Charismatic leadership is more to do with who the leader is rather than his official position within the faith group in question. The ‘leader’ is the one who appears to know God more than we do,  that fellow member with a little something extra that we can’t just put our finger on. Such a leader attracts followers, either officially or unofficially, like a magnet draws iron filings to itself. If operating within a loose fellowship of adherents it will be very clear to all concerned who this person is, as folk tend to hang onto  their every word. Indeed this charismatic individual may eventually be appointed as an official leader as the fellowship seeks to set up shop in the spiritual marketplace of institutionalised religion. The gifted one morphs into the official one and the stage is set for the problems of type 1 leadership. the hamster wheel game of keeping the Jesus show on the road and the pennies rolling in. The Charismatic movement that swept the socio-religious world of the 60s, 70s and 80s has generally gone through this transformation, with New Churches now being as institutionalised as the historic denominations that it once eyed with zealous pity.

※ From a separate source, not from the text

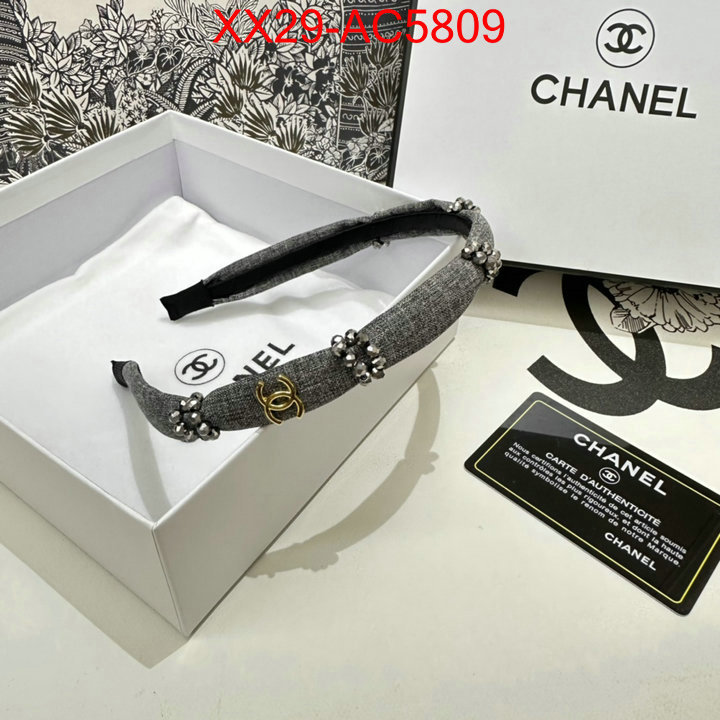 Hair band-Chanel how to find replica shop ID: AC5809 $: 29USD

So, what is going on behind the public persona of the religious leader? What hides itself behind the Archbishop’s colourful clobber, or the sweat drenched suit of the bulging-eyed fundamentalist preacher? What drives the idealism of the leader in training to jump into the religious pool and save those hell-bent on destroying themselves? Is the role of the Divine Lifeguard not a noble one, indeed a response to the call of Divine Love itself?

Interestingly, many of our religious leadership models have been taken from royal-priestly sects, mainly those within Judaism and other Midldle-Eastern takes on religious practice. The link between priesthood and royalty in the form of the High Priest-King only reinforces the belief that only one wise enough to convey the Divine Mind is qualified to rule. This twin-like model has flowed down into our religious mindsets, largely unaffected by the radical deconstruction of the Nazarene’s own teaching.

On entering a religious community as fledgling converts, we are bowled away by the certainty and authority of the communities leadership. We fall in love with their official position or their dynamic charisma which seems to press all our psycho-spiritual buttons. Finally, after years of Self doubt and experimentation we have found a belief system and indeed a father/mother figure who appears to provide security and a sense of familial belonging. Re-playing the inner, family tapes of our childhood we attempt to do it properly this time, seeking the favor of both leaders and their Divine sponsor, through numerous acts of compliance and commitment. We love being in a group with ‘strong leadership’ – one upon whom we can pin our Utopian desires for wholeness and health.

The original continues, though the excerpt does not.